Adopting AI in the healthcare sector is expected to bring many benefits. A key objective of the healthcare sector has been to collect relevant and accurate data on patients and those seeking treatment. Healthcare is a data-rich industry, so AI is well suited to it. Secondarily, AI can be applied to many healthcare solutions and improve the lives of patients living with many types of conditions.

By introducing AI into healthcare, predictive and personalised healthcare can be widely deployed. Artificial Intelligence can assist doctors in making proactive decisions regarding the health of their patients by using predictive analytics. Healthcare needs to be viewed differently than it is now, with a proactive and personalised approach rather than a reactive generic one. In addition to monitoring patients' health remotely, doctors can also get alerts if a patient needs emergency treatment through IoT-enabled embedded devices.

AI can also efficiently analyse scan results through image recognition and predict healthcare. As AI can process multiple scans much faster than humans, doctors are already using this technology to diagnose symptoms more quickly. There is also a growing trend of developing health chatbots, enabling doctors to obtain preliminary information about patients' symptoms using these bots.
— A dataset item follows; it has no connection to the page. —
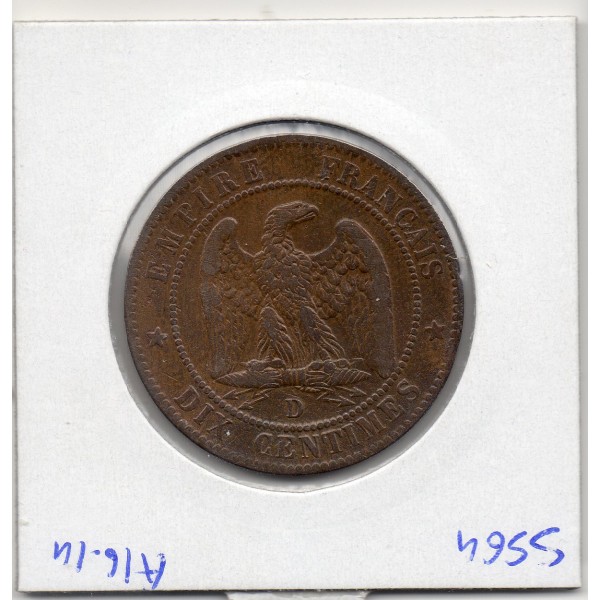 10 centimes Napoléon III tête nue 1855 D ancre Lyon TTB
Researchers at the Mayo Clinic have developed an artificial intelligence model to help clarify the many possibilities for treating a disease. They reported that they had created an AI model capable of predicting in real-time whether a pregnant woman will have a successful vaginal delivery with positive health outcomes for both mother and child.

However, according to a Mayo Clinic news release, researchers are now testing the model in actual labour units and expect to learn more about birth outcomes. These groundbreaking advances show us the potential of artificial intelligence to improve people's quality of life.

Overall, artificial intelligence can significantly improve healthcare, allowing better monitoring and diagnostic capabilities. AI can help reduce operating costs and save financial resources in healthcare facilities and medical organisations. According to McKinsey, big data can save medicine and pharmaceuticals up to $100 billion annually. In a strict sense, ultimately, one of the most important impacts of AI will be felt in patient care. As providers gain a better understanding of information across medical facilities, personalised treatment plans and drug protocols will revolutionise the delivery of patient care.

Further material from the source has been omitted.